Open iDVD. Give the project a name, and save it as Widescreen if it didn’t default to the same aspect as your iMovie project. Now import the iMovie project into iDVD, choose a theme (any theme you like, even if it prefers to stay at 4:3) and save the project. Do what you would normally do to the theme and its drop zones. Save the project.
Now save as Disk Image on your desktop. Leave it there for the moment when it has finished/appeared.
Open your Movies Folder. Create a new folder. Name it PROJECTNAME – TS FILES (where ‘projectname’ is the name of your project!). Close the folder. You can of course call it anything you like, but htis aids identification.
Now double-click the disk image on your desktop. It contains two folders: AUDIO_TS (which is empty, but please pretend that it isn’t) and VIDEO_TS. Drag and drop these to the folder you created in your Movies Folder. (This takes a moment).
Click on the AUDIO_TS folder and go to Get Info in the file menu. Right down the bottom is where you have to change the permissions. Under ‘Ownership & Permissions’ change this from Read Only to Read & Write. Click the small triangle next to Details, scroll down and click on Apply to enclosed items. You will be asked for your root password. When this has completed (fairly fast, as that folder was empty!), click on the VIDEO_TS folder and do the same. This takes a moment longer, as that folder is full of goodies with which you should not otherwise interfere! Close the Projectname-TS Files folder. You have now allowed yourself to change the properties of the contents of those folders, which leads us to the next all-important step.
Open myDVDedit. Go to File and open the projectname TS Files folder. By all means stare at it shock and awe, but don’t bother finding out what it can do, except for the following:
Top left you fill see a list of files. Lower centre you have a large window. On the vertical menu to the left of that, click IFO.

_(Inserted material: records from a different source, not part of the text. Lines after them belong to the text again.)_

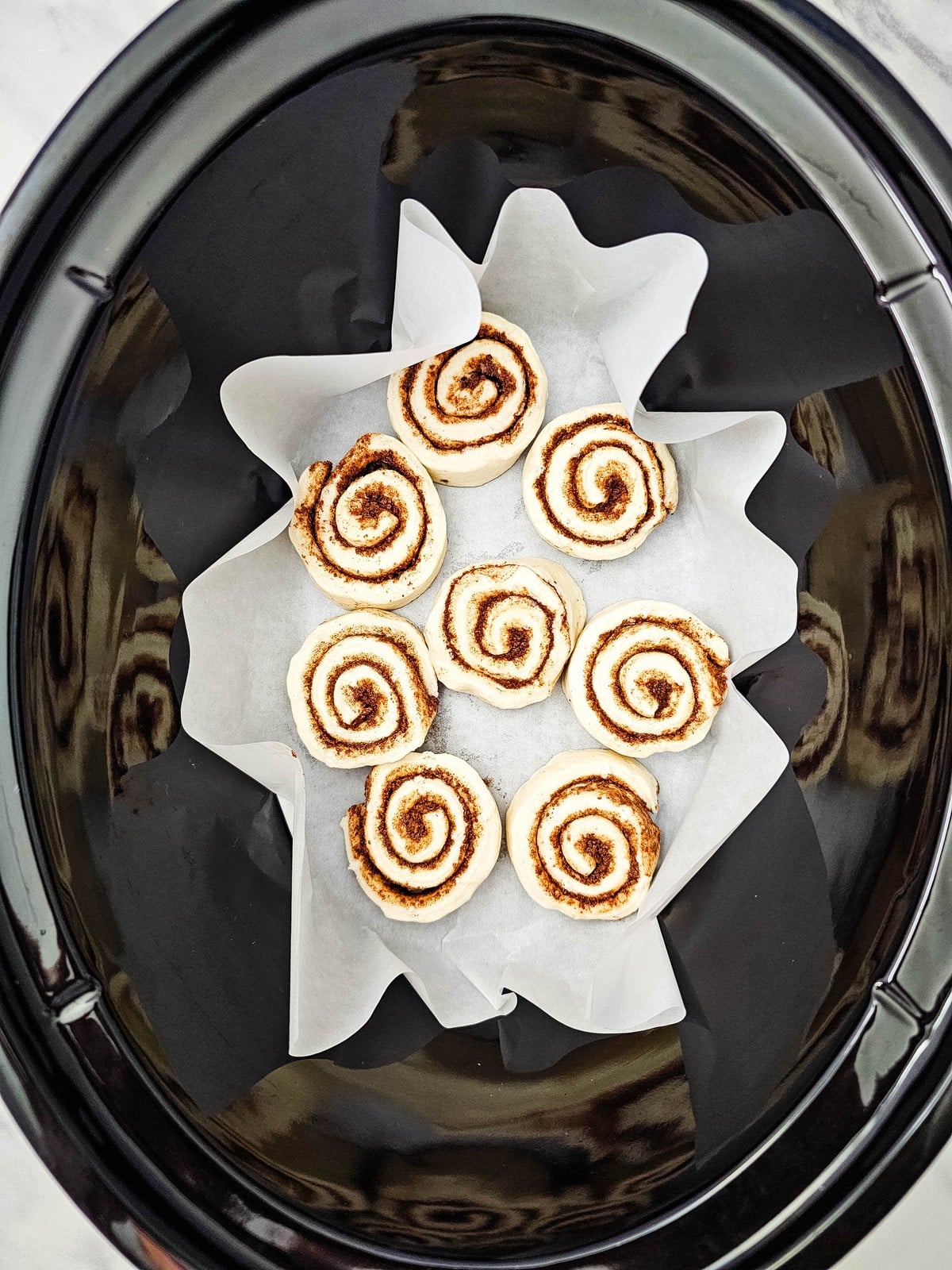 Raw cinnamon rolls arranged on parchment paper in a black slow cooker insert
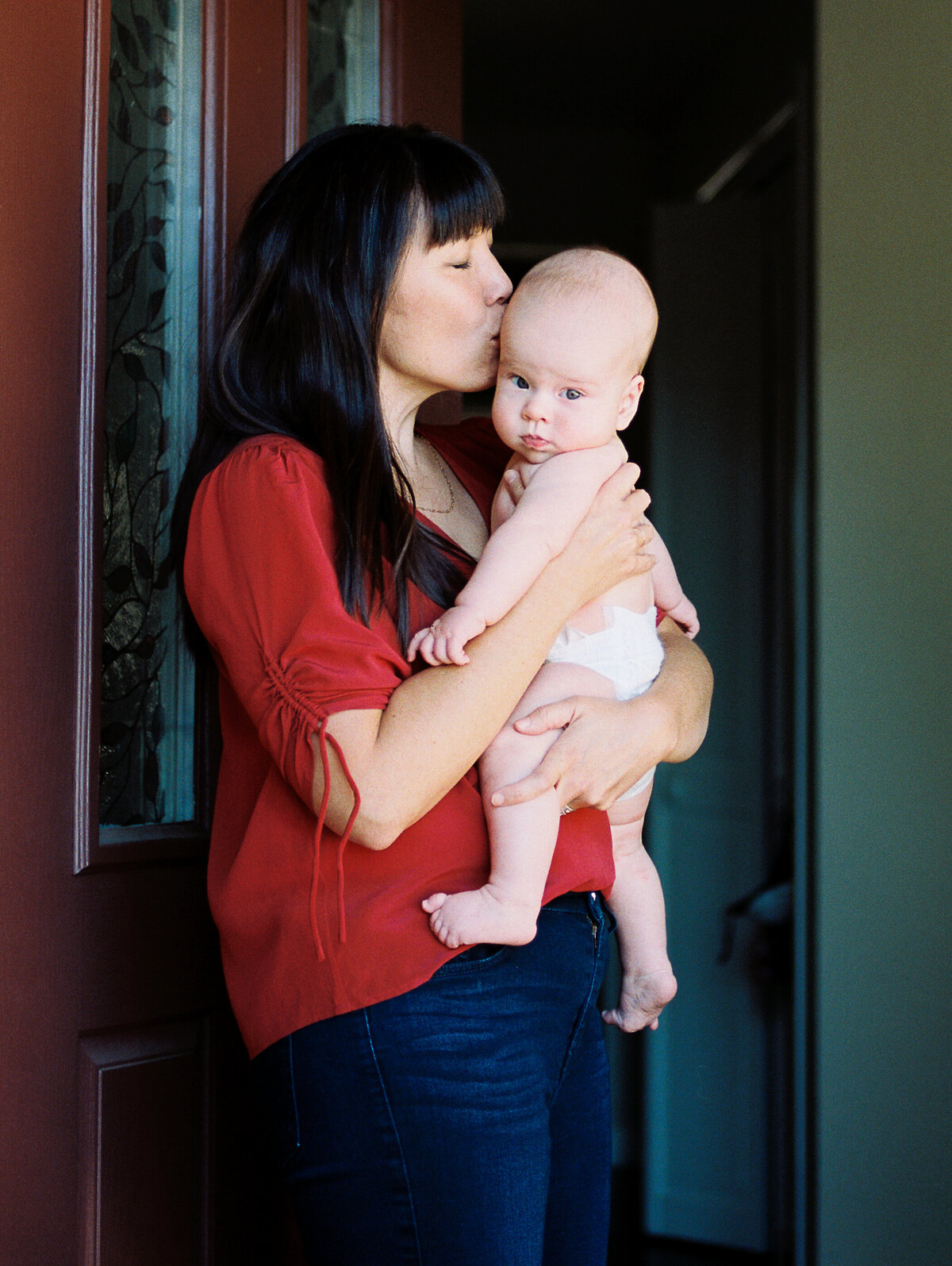 mom in red top kisses baby boy by front door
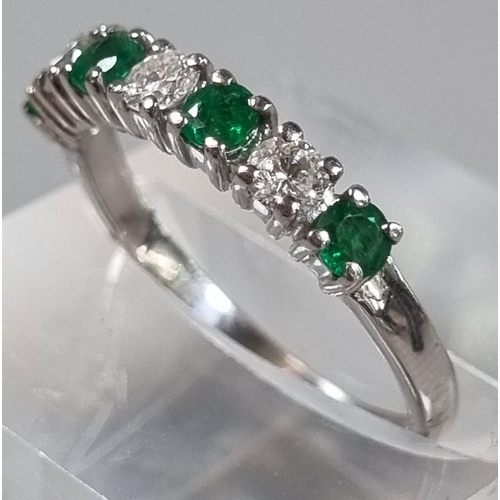 198 - 9ct white gold diamond and emerald seven stone ring.  2.1g approx.  Size K.  (B.P. 21% + VAT)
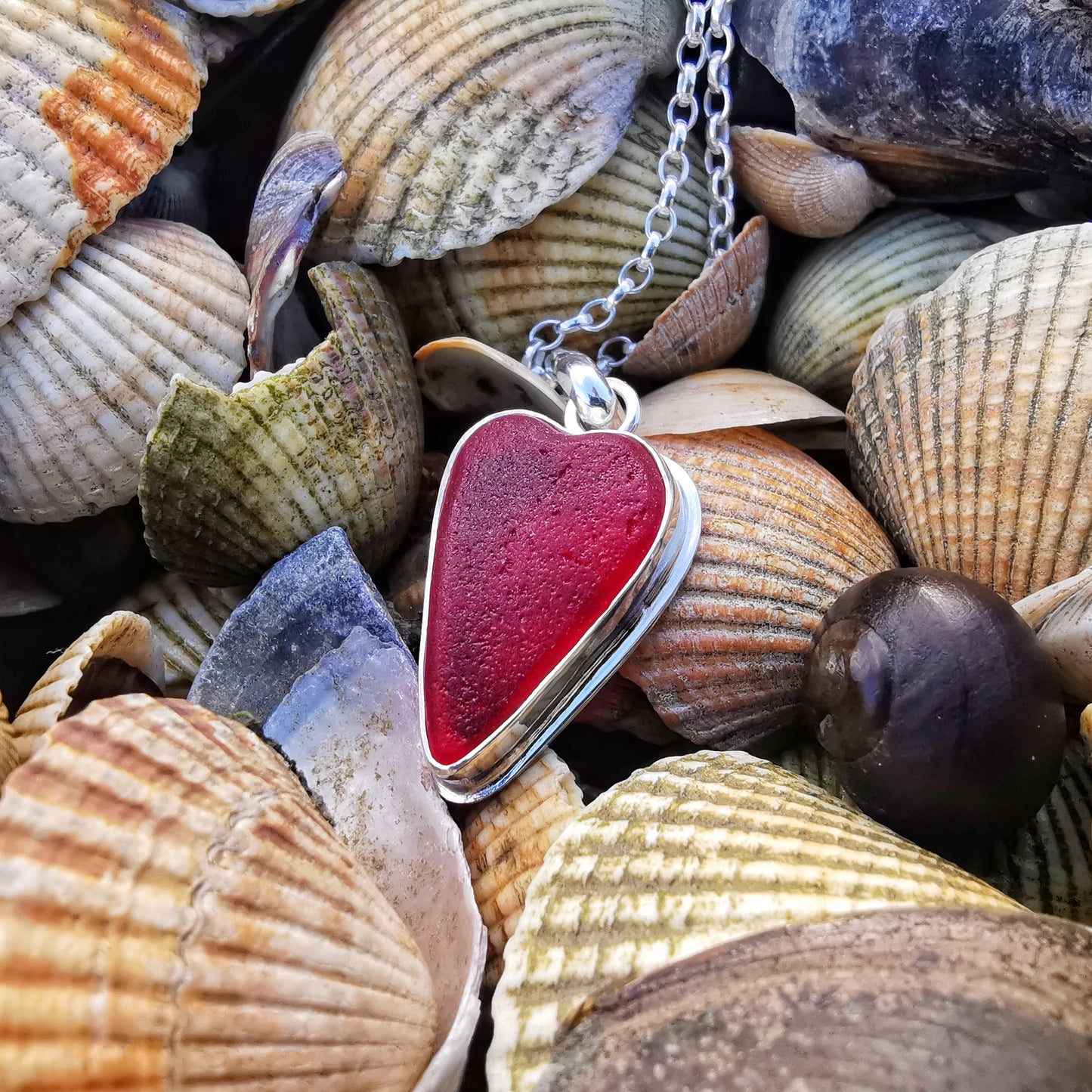 Scottish red sea glass heart & sterling silver pendant.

In the window at the top left, ignore ‘First Play’ (if there was anything to correct in that, myDVDedit will have done so and told you).
Click on VMG Menu en (English). Now the whole thing springs to life.
Set Coding Mode to MPEG-2
Set Standard to PAL
Set Aspect to 16:9 (not any of the other options)
Now save the file.
Click on VTS Menu 1 en (English) and repeat as above.
Click on VTS 1 and repeat as above.
You have now permanently ‘fixed’ the entire contents of the TS folder (the disk image) in 16:9 aspect. Close myDVDedit – you won’t need it again until the next project!
If you have Toast 7 Titanium, open it. ‘Select DVD-Video from VIDEO_TS’. Choose Select from the main Toast window and select your projectname-TS Files folder. You are now ready to burn! You can set the burn speed (2x recommended) before the burn commences. Allow Toast to verify the burn before you eject the DVD-R disk.
If you don’t have Toast 7, then I assume you can burn the projectname-TS Files folder (disk image) via Disk Utility. I say ‘assume’ only because I have never tried it that way.
Either way, you now have a DVD which will play as 16:9 widescreen on any TV set, even the old ones where you can’t ask it to letter-box.